The arguments to unpack() can be targets, that's where it becomes really powerful. This is related to #283 (multi-file output; and the equivalent for R objects), but I don't think #283 is a prerequisite. If unpack() is called with an up to date target and unchanged code, all resulting targets (from the last run) remain up to date too.

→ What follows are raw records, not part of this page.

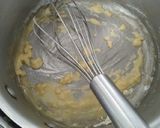 A picture of step 3 of Bouchée à la Reine.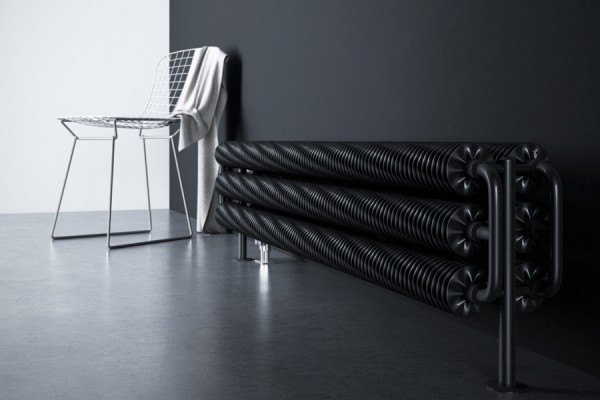Design- Bodenheizkörper Ribbon HSD Heban arrangiert neben Stuhl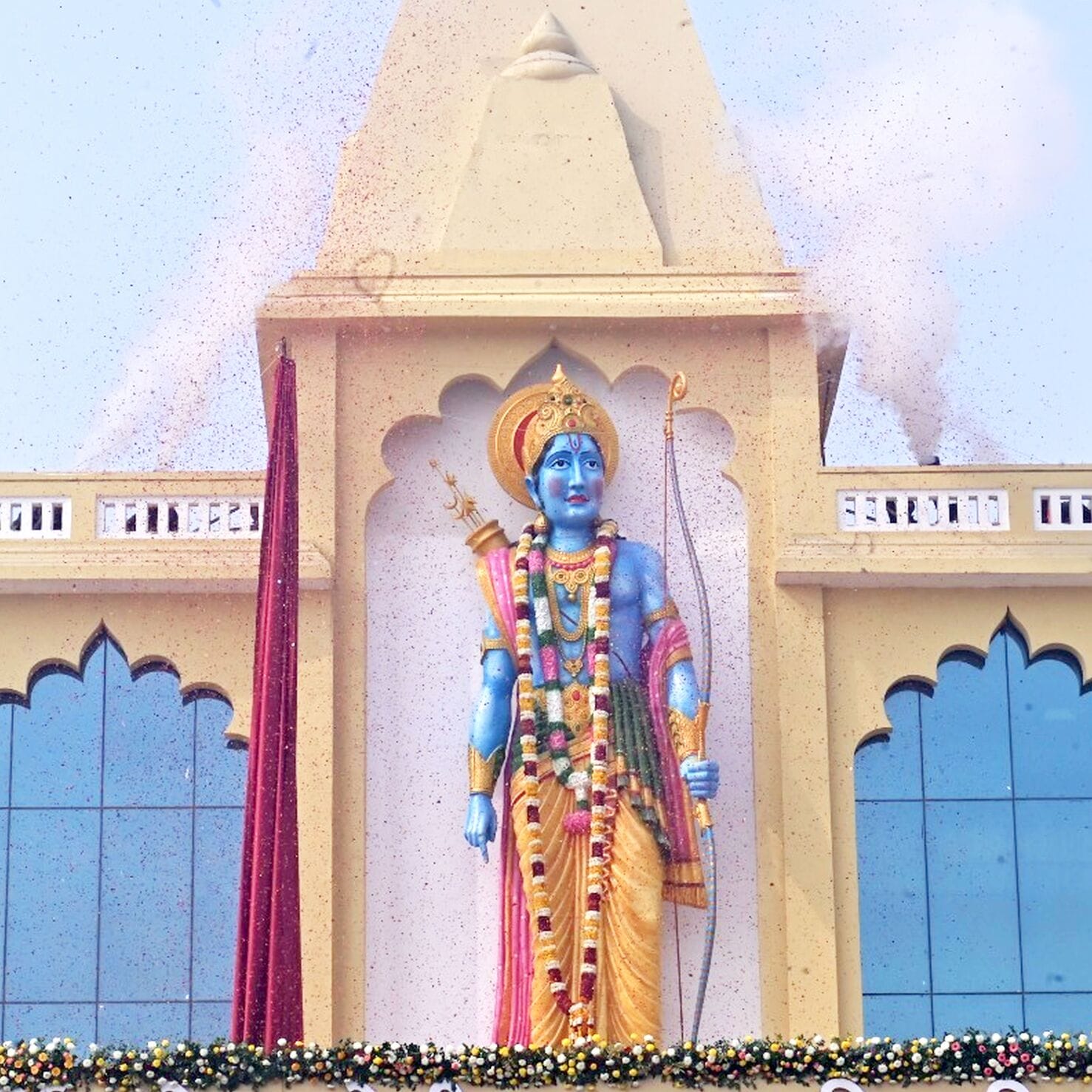 01-महर्षि महेश योगी रामायण विश्वविद्यालय में श्रीराम की 35 फिट की प्रतिमा का अनावरण करतीं राज्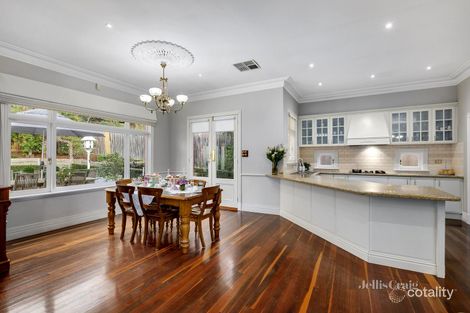 Property photo of 18 Ernst Street Doncaster VIC 3108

The unpacking is a declarative operation, we don't (necessarily) need to materialize all targets. In particular, if the target is the result of a previous call to meta_make(), the results are already unpacked.

pack

Semantics identical to tibble::lst(): Construct a list from a set of targets. The main difference is that this is a declarative operation that doesn't physically construct the list yet. It can be used to bundle targets together for use in a subsequent operation. Example of two equivalent plans:

# Proposed plan
plan <- drake::drake_plan(
  a = 1,
  b = 2,
  packed = pack(a, b)
)

# Equivalent plan that works in the current implementation
plan <- drake::drake_plan(
  a = 1,
  b = 2,
  packed = tibble::lst(a, b)
)

drake::make(plan)
#> target a
#> target b
#> target packed
drake::readd(packed)
#> cache /tmp/Rtmp6mdjtc/.drake
#> $a
#> [1] 1
#> 
#> $b
#> [1] 2

Created on 2018-03-07 by the reprex package (v0.2.0).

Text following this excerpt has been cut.